Prim, punctual, Victorian gentleman Phileas Fogg (David Niven) bets his cronies that a man can travel around the world in eighty days. Accompanied by his new manservant, Passepartout (Cantinflas), a rescued Indian princess (Shirley MacLaine), and pursued by a Scotland Yard detective (Reginald Denny), Fogg and company span the globe.
With over 40 star cameos from Charles Boyer and Frank Sinatra to Noel Coward and Red Skelton, the result is a bloated, earthbound three-hour travelogue that flies by like years. Every time Fogg checks his watch (which is often), you may find yourself doing the same.
Lionel Lindon’s lovely, Oscar-winning cinematography makes great use of the new Todd-AO process, but it is up to Victor Young to provide aural interest in the long stretches of scenery viewed from a train or a boat. He does so with wit, ease, and his typical slick professionalism.
Composing music for multiple locales from London, Paris, and San Francisco, to Spain, India, and Japan, Young’s score is awash with melody, infusing the picture with desperately needed energy.
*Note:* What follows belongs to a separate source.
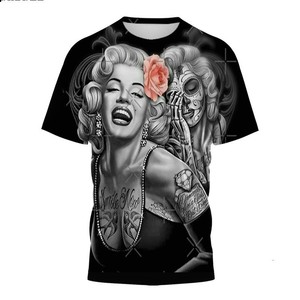 T-shirt pour homme, imprimé 3D crâne rose, coupe classique, manches courtes, logo sur le devant, tissu tricoté - Product Image 3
However, his limitations as a dramatic composer occasionally show, especially in the Western sequences.
Whatever the pros and cons of Young’s score, there can be no faulting the title tune, one of the most popular melodies of the 1950s. The gentle waltz carries Fogg and Passepartout aloft in the hot air balloon at the beginning of their journey, and the memorable tune soars through the sky with them.
Unfortunately, Young died of a heart attack a month before the film premiered in December 1956. Though he was not able to enjoy the film’s astonishing (and inexplicable) success, the score is a fitting tribute to one of Hollywood’s most gifted melodists. His posthumous Oscar is well-deserved.
AROUND THE WORLD IN 80 DAYS is one of the worst Best Pictures winners in the history of the Academy, right down there with other embarrassing choices like CIMARRON and the odious CRASH. The award should have gone to THE KING AND I or, if excess was the name of the game, THE TEN COMMANDMENTS. But the film does end on a high note with a six-minute, animated end title sequence (in lieu of the main titles) that provides a virtual tone poem of Young’s delightful, Oscar-winning score.